Provide the most possible solution in a step by step style in no more than 280 characters. Write the output in the following format:
Error: {Explain error here}
Solution: {Step by step solution here}
`
这也是为什么我们看到的 Result 中的 detail 是这样的:
[root@kc-master ~]# kubectl -n k8sgpt-operator-system get result defaultbrokenimage8896f7cf4vf47k -oyaml
apiVersion: core.k8sgpt.ai/v1alpha1
kind: Result
metadata:
creationTimestamp: "2025-06-26T04:23:06Z"
generation: 1
labels:
k8sgpts.k8sgpt.ai/backend: localai
k8sgpts.k8sgpt.ai/name: k8sgpt-local-ai
k8sgpts.k8sgpt.ai/namespace: k8sgpt-operator-system
name: defaultbrokenimage8896f7cf4vf47k
namespace: k8sgpt-operator-system
resourceVersion: "90019"
uid: 1ab8b2ad-7398-4d6d-bd8b-e2d5beba70ae
spec:
backend: localai
details: "Error: Kubernetes cannot pull the container image because the tag \"invalid-tag\"

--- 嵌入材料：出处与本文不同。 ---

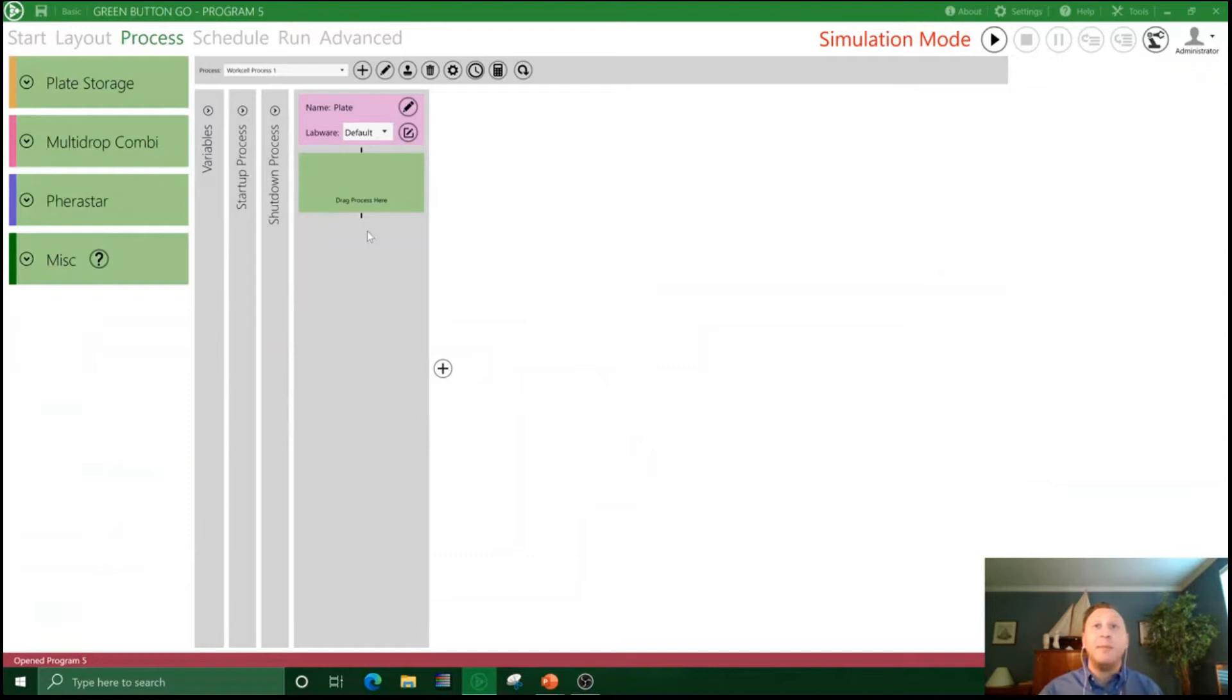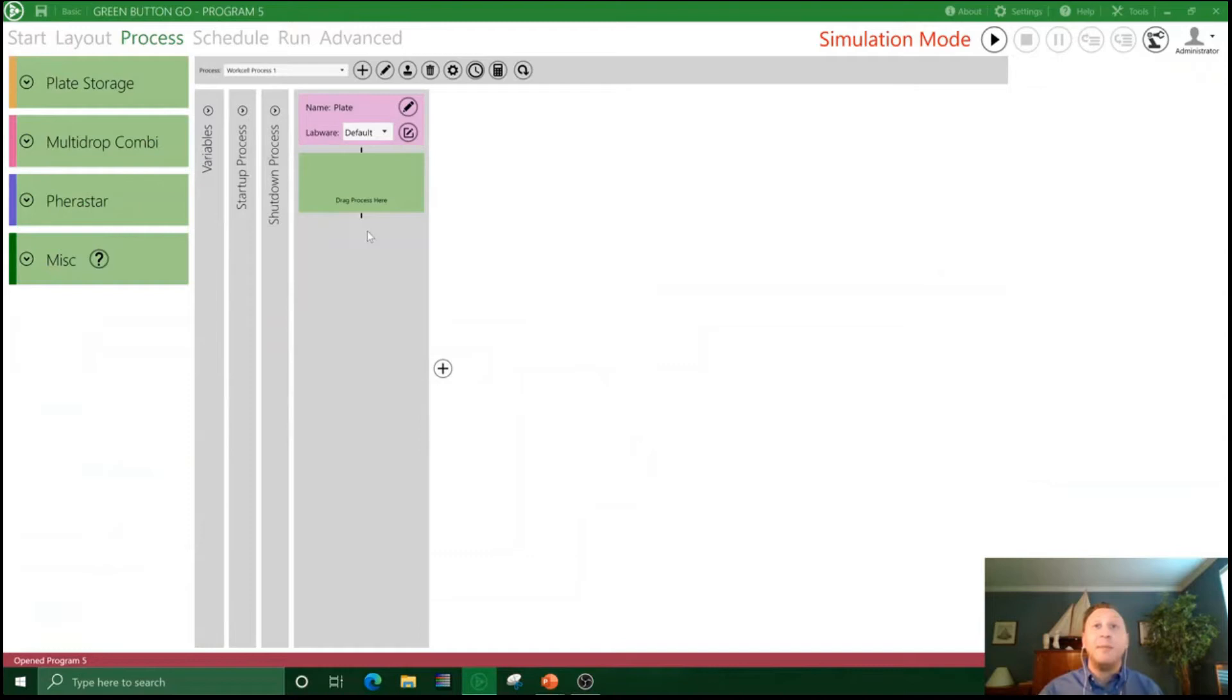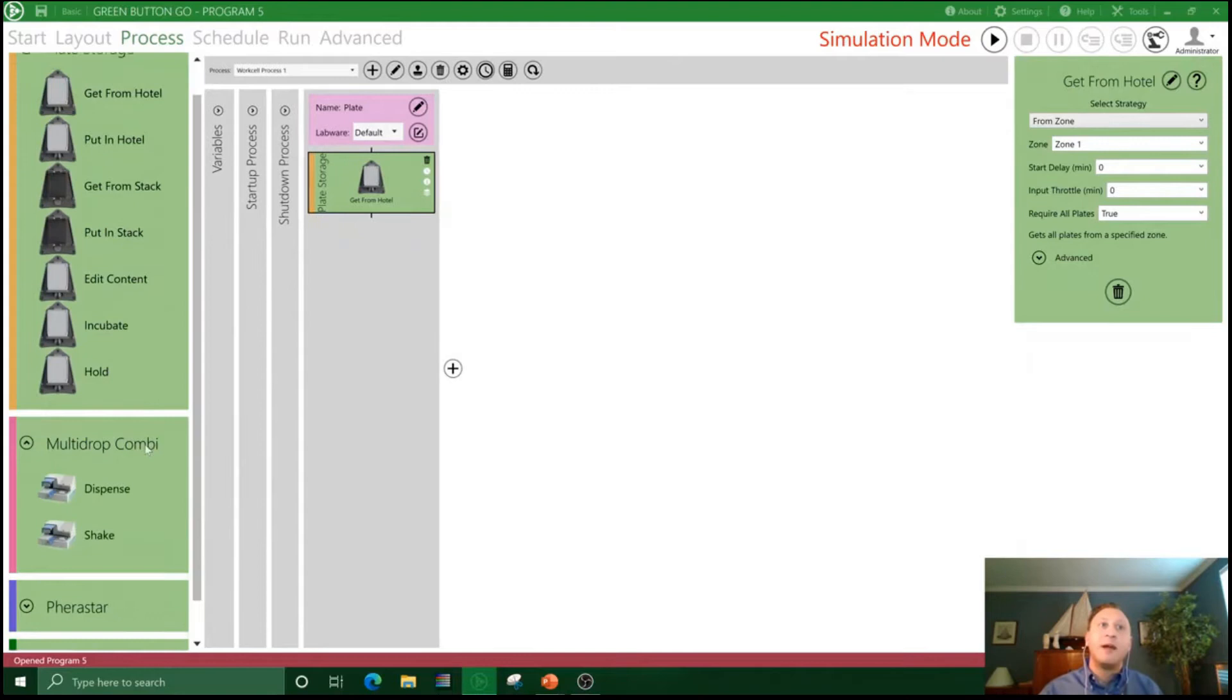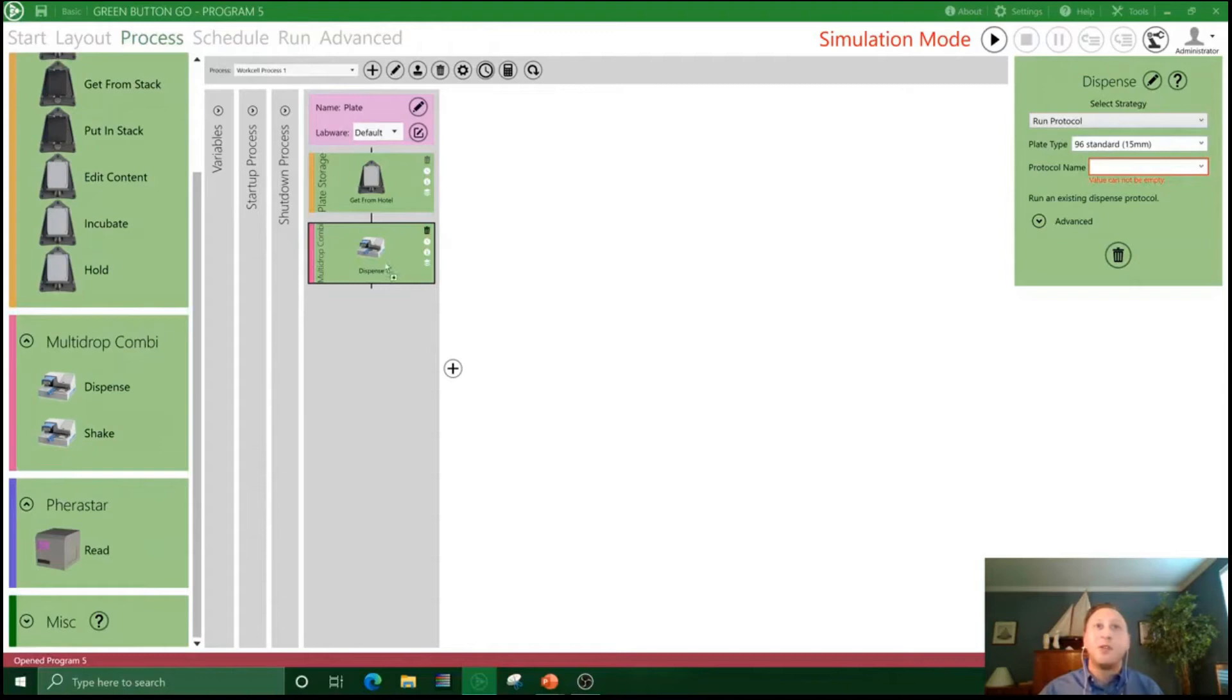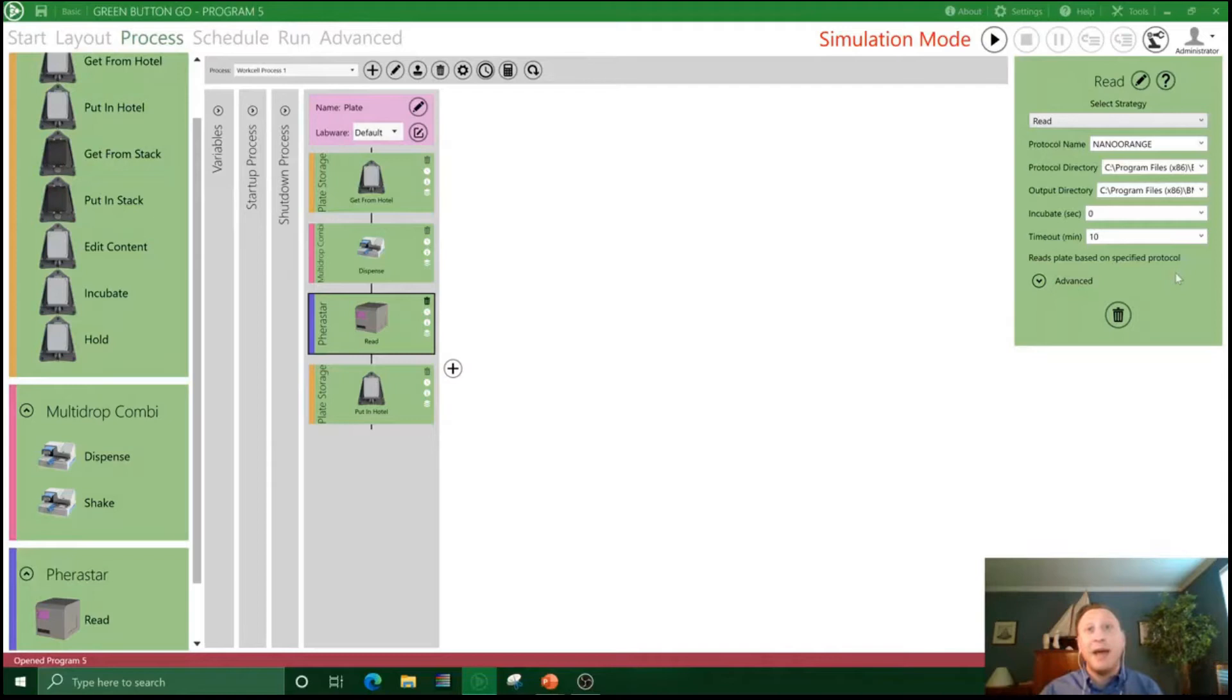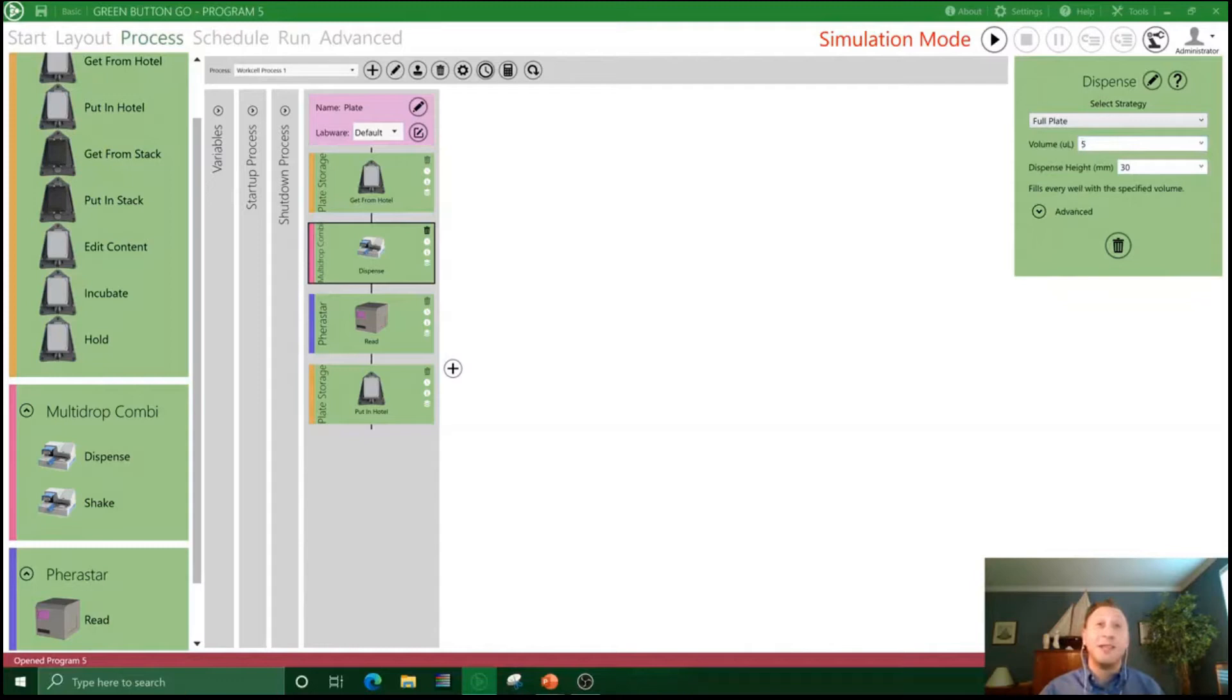Now that our system is configured, we can move into our process tab, and this is where we define the protocol that will be executed on the automation. Here on the right, the instruments that we've added to the system are now available to us. So first, starting with plate storage, we're going to bring a plate out of the hotel. From there, it will go down to our Multi-drop Combi for a dispense, to our Pherastar for our read, before going back in the hotel at the end. All of those configuration options are available to you.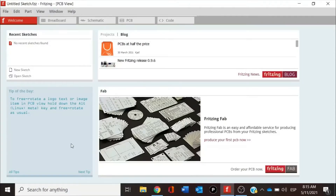For our Internet of Things curriculum, we are using Fritzing for the digital design of our engineering prototypes. It has more components for the design and others can be added from GitHub. So let's take a look at the parts of this program.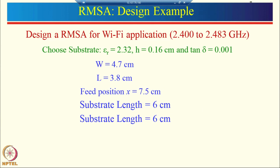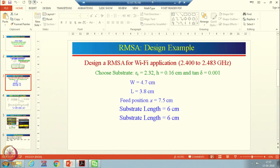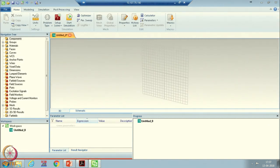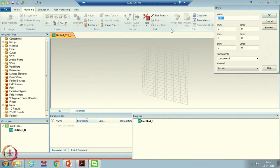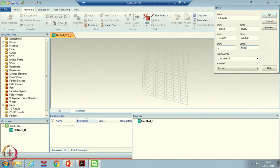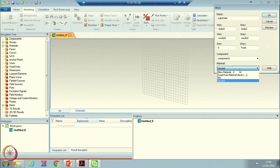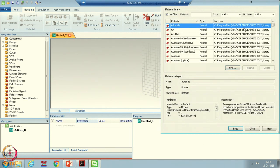The width of the patch W will be 4.7 cm and the length of the patch will be 3.8 cm. The substrate length and width we will take as 6 cm. Let us design this in CST. First design the substrate by selecting the brick tool, naming it as substrate, and defining all parameters as variables: L_sub for substrate length, W_sub for substrate width, and H_sub for substrate thickness. The substrate we are using is RT Duroid 5870 with dielectric constant 2.32 and thickness 1.6 mm.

doesn't exist in the Docker registry for nginx. \nSolution: \n1. Verify valid
nginx tags at [hub.docker.com/_/nginx](https://hub.docker.com/_/nginx) \n2. Edit
your deployment: \n```bash \nkubectl edit deployment <deployment-name> \n```
\ \n3. Replace `image: nginx:invalid-tag` with a valid tag (e.g., `nginx:latest`
or `nginx:1.25`) \n4. Save and exit. Kubernetes will automatically retry pulling
the new image. \n\n*(273 characters)*"
error:
- text: Back-off pulling image "nginx:invalid-tag"
kind: Pod
name: default/broken-image-8896f7cf4-vf47k
parentObject: ""
status: {}
格式化之后
Error: Kubernetes cannot pull the container image because the tag "invalid-tag" doesn't exist in the Docker registry for nginx.
Solution:
1. Verify valid nginx tags at [hub.docker.com/_/nginx](https://hub.docker.com/_/nginx)
2. Edit your deployment:
```bash
kubectl edit deployment <deployment-name>
```
3. Replace `image: nginx:invalid-tag` with a valid tag (e.g., `nginx:latest` or `nginx:1.25`)
4. Save and exit. Kubernetes will automatically retry pulling the new image.
5. 小结
K8sGPT 作为一款基于 AI 的 Kubernetes 智能诊断工具,核心价值在于自动化集群故障检测与 AI 驱动的解决方案生成,大幅降低了 K8s 故障排查的技术门槛。
两种部署模式适配不同场景:CLI 模式适合临时诊断(如手动触发集群扫描),Operator 模式适合持续监控(结合 Prometheus 等工具实现实时告警与自动修复建议)。
工作流程清晰高效:通过内置的 Analyzer 扫描集群资源(Pod、Deployment 等)的异常状态,结合 LLM 模型(如 DeepSeek、OpenAI)生成结构化的解决方案,输出格式统一(错误描述 + 步骤化修复建议),便于快速落地。
灵活性强:支持多类 AI 后端(本地模型、云服务模型等)
注意:对于复杂故障(如网络策略冲突、持久化存储异常),AI 生成的解决方案可能需要结合人工验证,不可完全依赖自动化结果。